- _Work item_
For this exercise, output the entries below exactly from the line that holds "HydroConquest Chrono Mens" to the line that holds "Ralph Lauren Boxershorts", both ends included. No pictures belong in the copy.

- _Given entries_
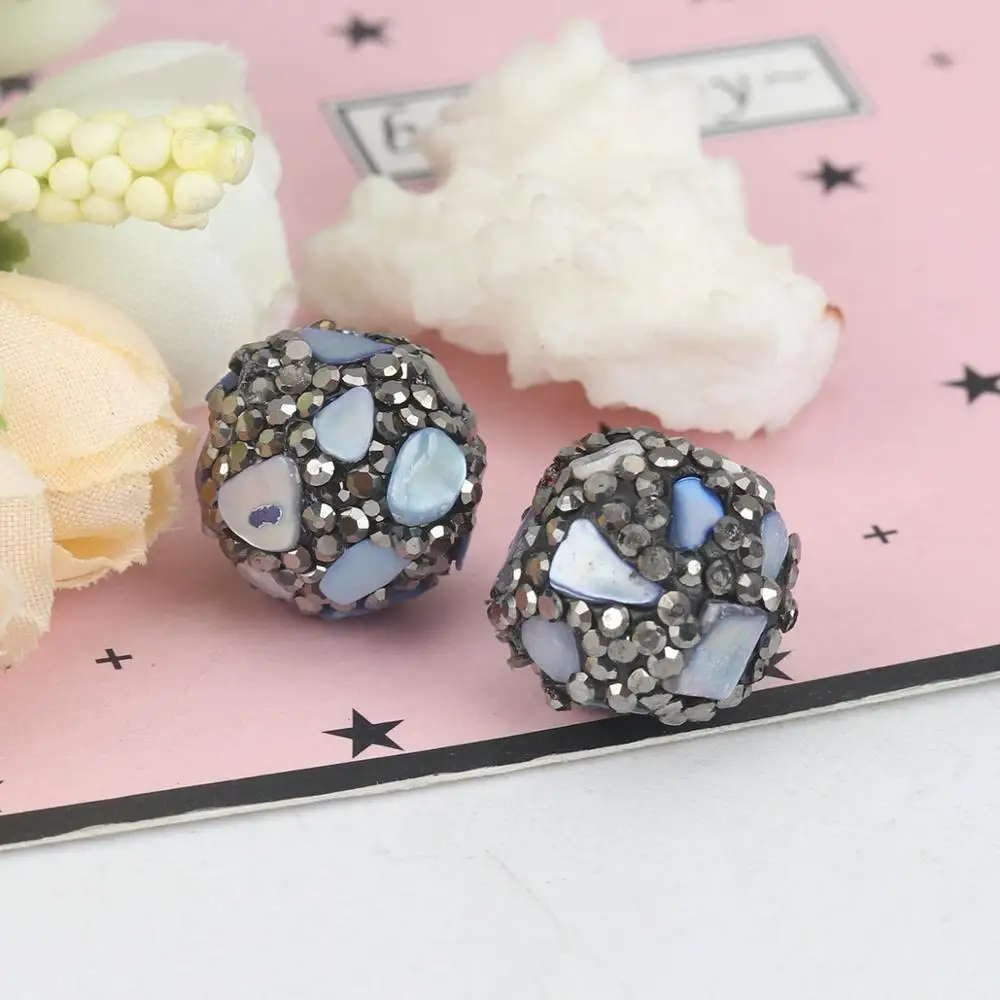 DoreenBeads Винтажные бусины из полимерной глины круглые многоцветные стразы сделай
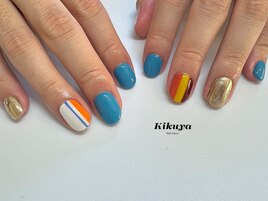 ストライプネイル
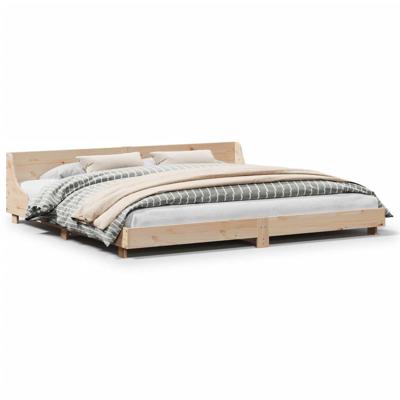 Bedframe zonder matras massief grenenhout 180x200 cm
---
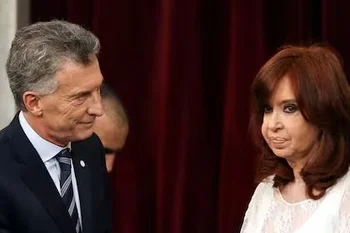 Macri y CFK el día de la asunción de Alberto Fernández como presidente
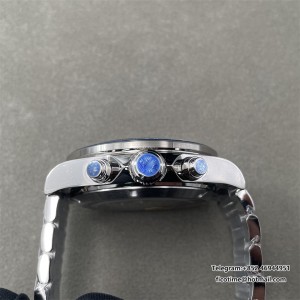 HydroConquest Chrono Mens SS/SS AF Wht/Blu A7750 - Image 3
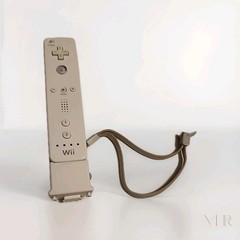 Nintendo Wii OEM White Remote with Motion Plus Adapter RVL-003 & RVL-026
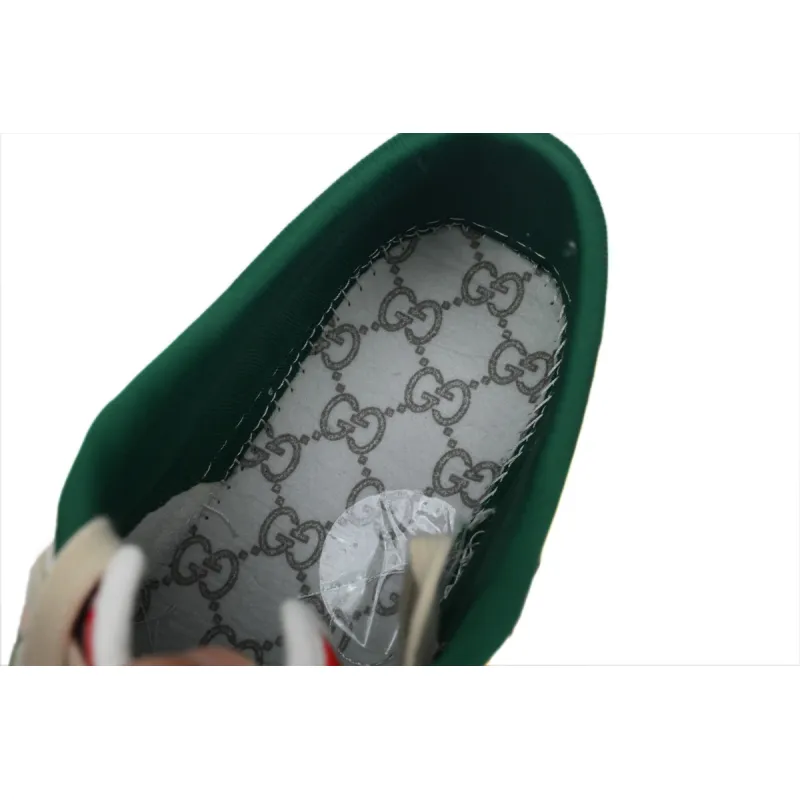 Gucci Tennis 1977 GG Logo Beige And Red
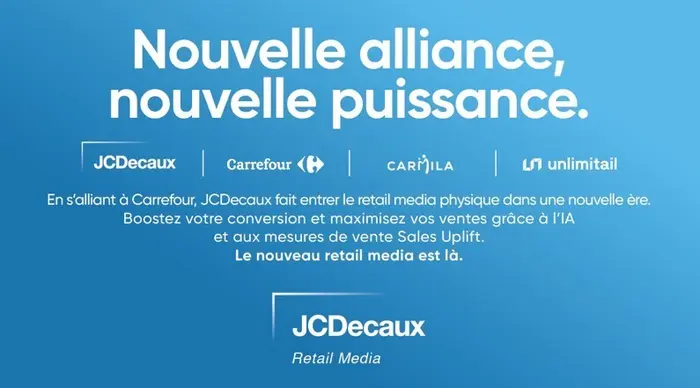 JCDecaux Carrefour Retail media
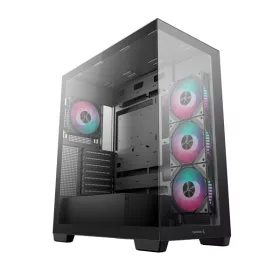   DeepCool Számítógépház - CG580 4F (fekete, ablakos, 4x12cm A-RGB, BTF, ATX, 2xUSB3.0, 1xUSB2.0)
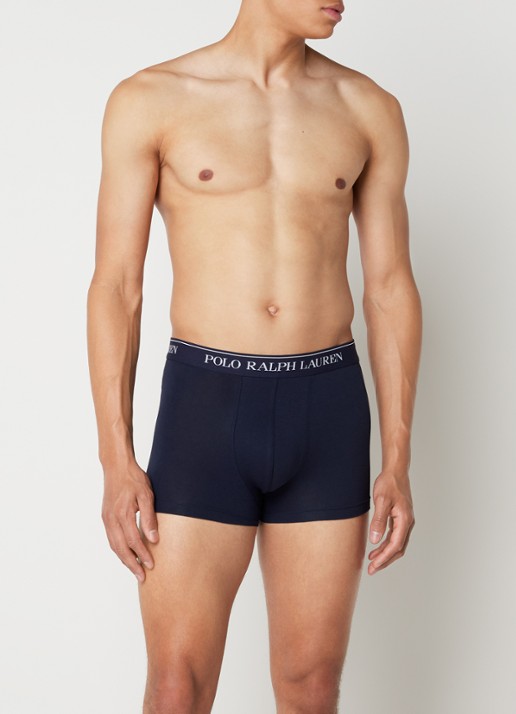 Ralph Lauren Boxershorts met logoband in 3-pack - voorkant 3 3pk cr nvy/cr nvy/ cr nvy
--
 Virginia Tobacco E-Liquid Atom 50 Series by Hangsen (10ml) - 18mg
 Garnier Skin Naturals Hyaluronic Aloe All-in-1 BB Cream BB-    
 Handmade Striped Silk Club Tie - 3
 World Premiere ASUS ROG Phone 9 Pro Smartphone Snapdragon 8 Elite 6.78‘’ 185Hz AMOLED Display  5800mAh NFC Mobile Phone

- _Written reply_
 HydroConquest Chrono Mens SS/SS AF Wht/Blu A7750 - Image 3
 Nintendo Wii OEM White Remote with Motion Plus Adapter RVL-003 & RVL-026
 Gucci Tennis 1977 GG Logo Beige And Red
 JCDecaux Carrefour Retail media
   DeepCool Számítógépház - CG580 4F (fekete, ablakos, 4x12cm A-RGB, BTF, ATX, 2xUSB3.0, 1xUSB2.0)
 Ralph Lauren Boxershorts met logoband in 3-pack - voorkant 3 3pk cr nvy/cr nvy/ cr nvy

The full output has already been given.